BEGIN
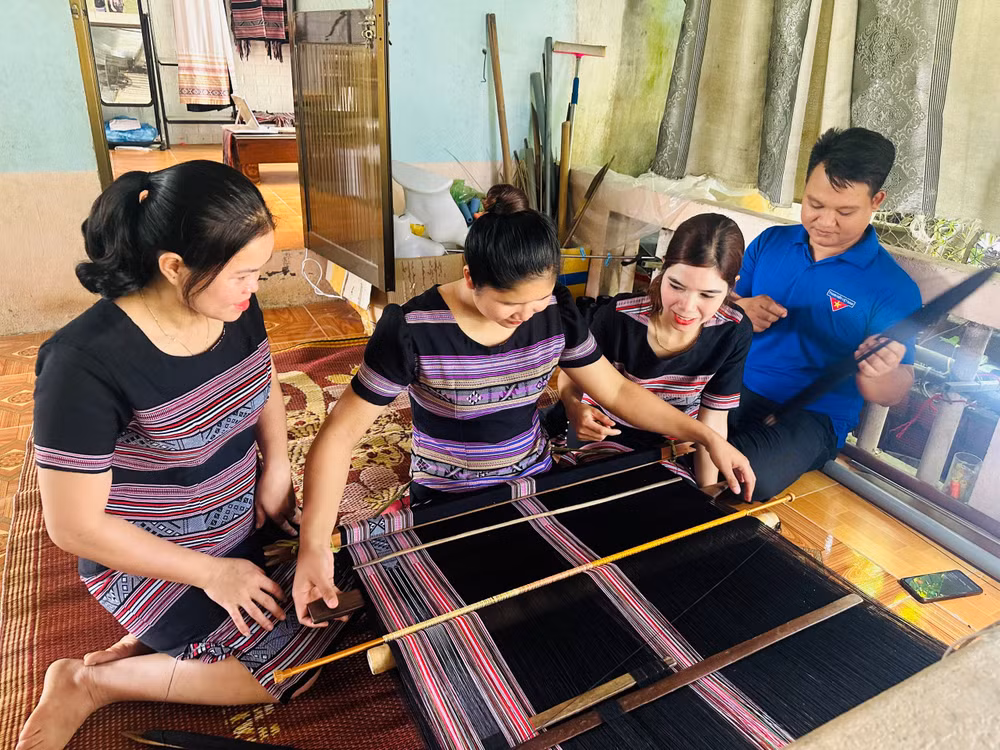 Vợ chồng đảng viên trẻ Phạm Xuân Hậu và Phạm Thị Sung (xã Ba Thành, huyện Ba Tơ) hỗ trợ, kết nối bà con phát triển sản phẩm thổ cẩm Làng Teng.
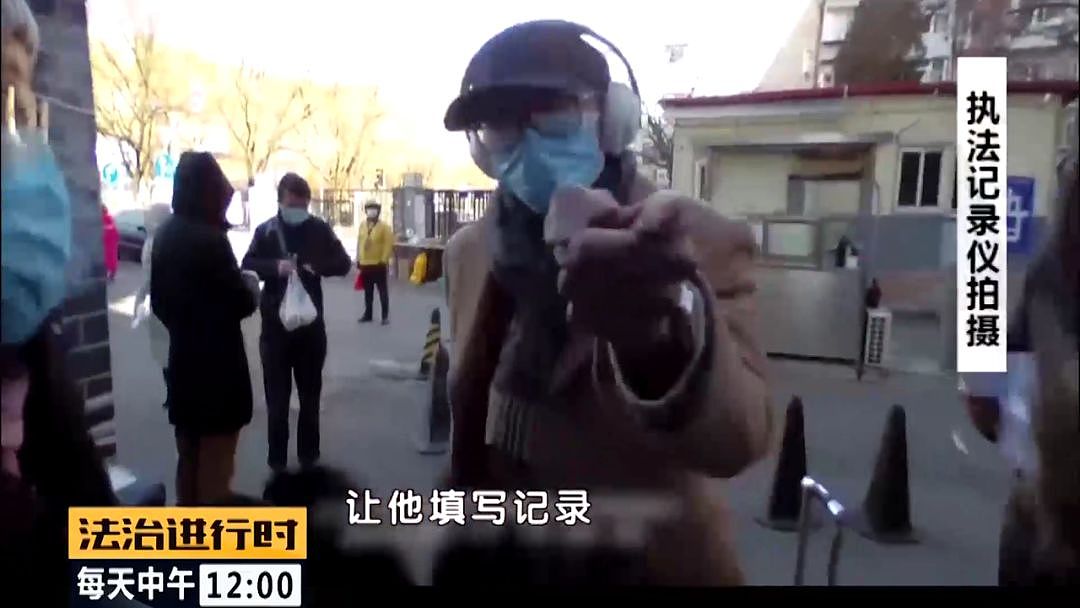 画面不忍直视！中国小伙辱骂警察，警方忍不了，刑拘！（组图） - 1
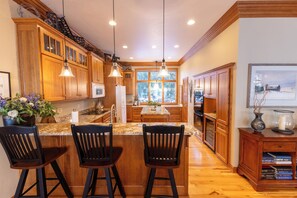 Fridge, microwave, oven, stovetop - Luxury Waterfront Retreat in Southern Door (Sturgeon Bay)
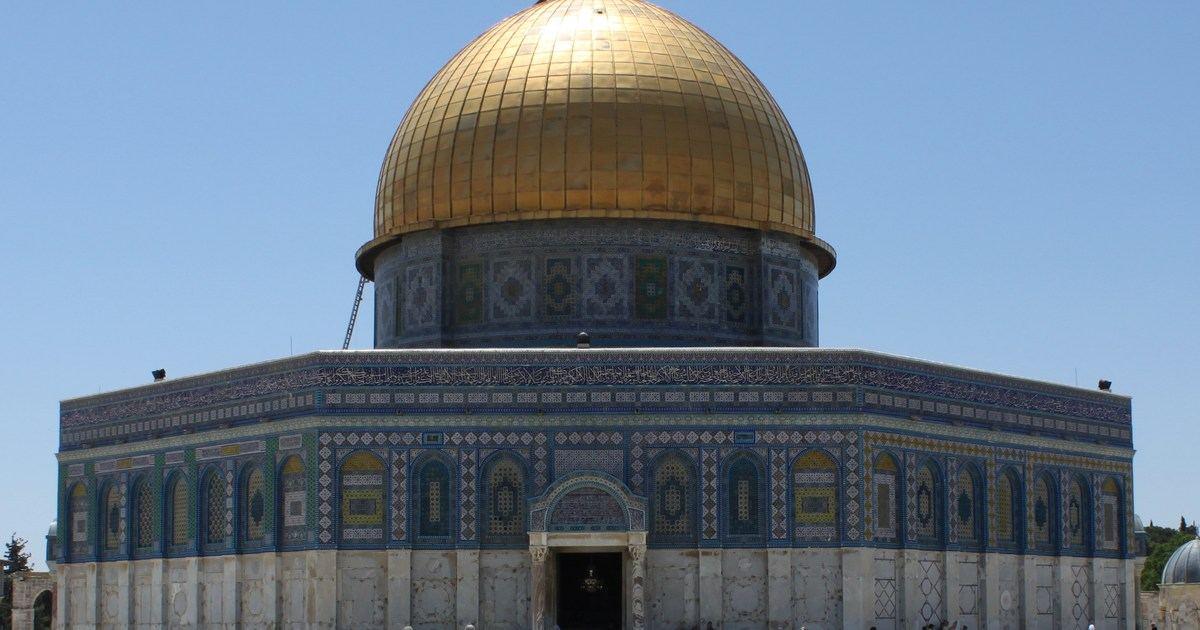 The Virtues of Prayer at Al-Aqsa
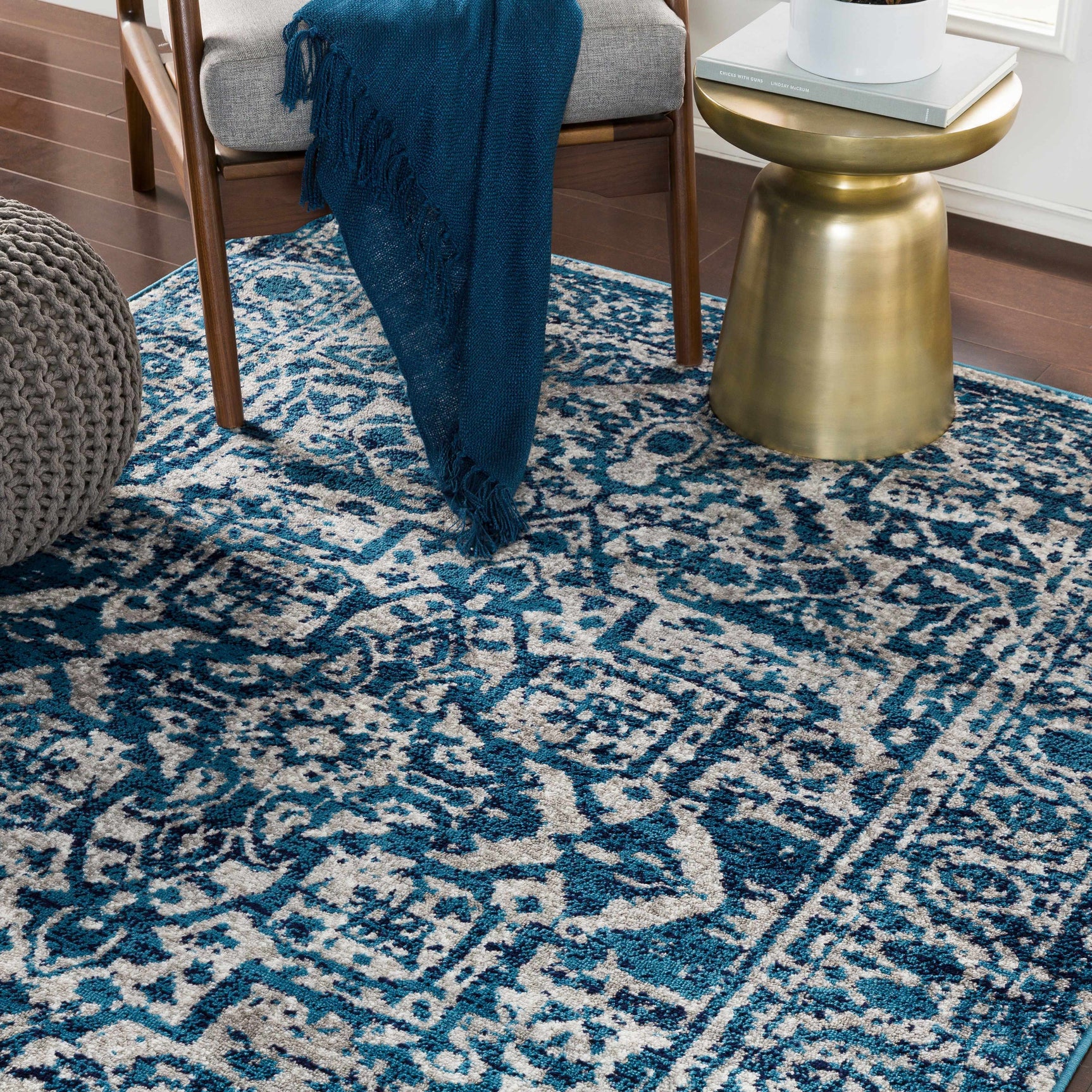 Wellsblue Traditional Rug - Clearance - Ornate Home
END
Return every line above verbatim, pictures excluded.

■ SOLUTION TO THIS TASK:
 Vợ chồng đảng viên trẻ Phạm Xuân Hậu và Phạm Thị Sung (xã Ba Thành, huyện Ba Tơ) hỗ trợ, kết nối bà con phát triển sản phẩm thổ cẩm Làng Teng.
 画面不忍直视！中国小伙辱骂警察，警方忍不了，刑拘！（组图） - 1
 Fridge, microwave, oven, stovetop - Luxury Waterfront Retreat in Southern Door (Sturgeon Bay)
 The Virtues of Prayer at Al-Aqsa
 Wellsblue Traditional Rug - Clearance - Ornate Home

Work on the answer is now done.